- Data to process -
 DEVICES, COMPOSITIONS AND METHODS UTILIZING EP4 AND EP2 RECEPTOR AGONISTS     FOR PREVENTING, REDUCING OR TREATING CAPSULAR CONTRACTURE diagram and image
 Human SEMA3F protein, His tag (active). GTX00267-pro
--
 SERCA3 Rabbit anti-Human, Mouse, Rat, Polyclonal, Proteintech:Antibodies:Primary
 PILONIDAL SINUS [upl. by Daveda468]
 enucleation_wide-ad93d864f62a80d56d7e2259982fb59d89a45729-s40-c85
==
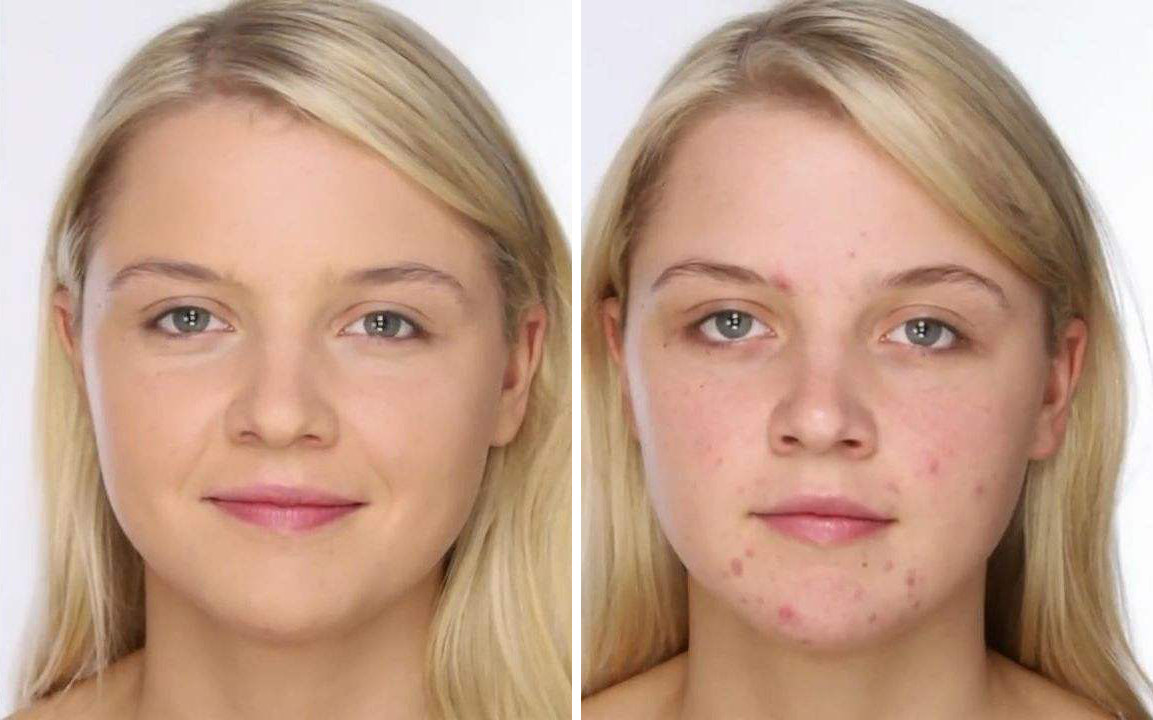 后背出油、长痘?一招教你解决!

- Directions -
Report, using only a number, how many lines above hold the word "Human".

- Response box -
2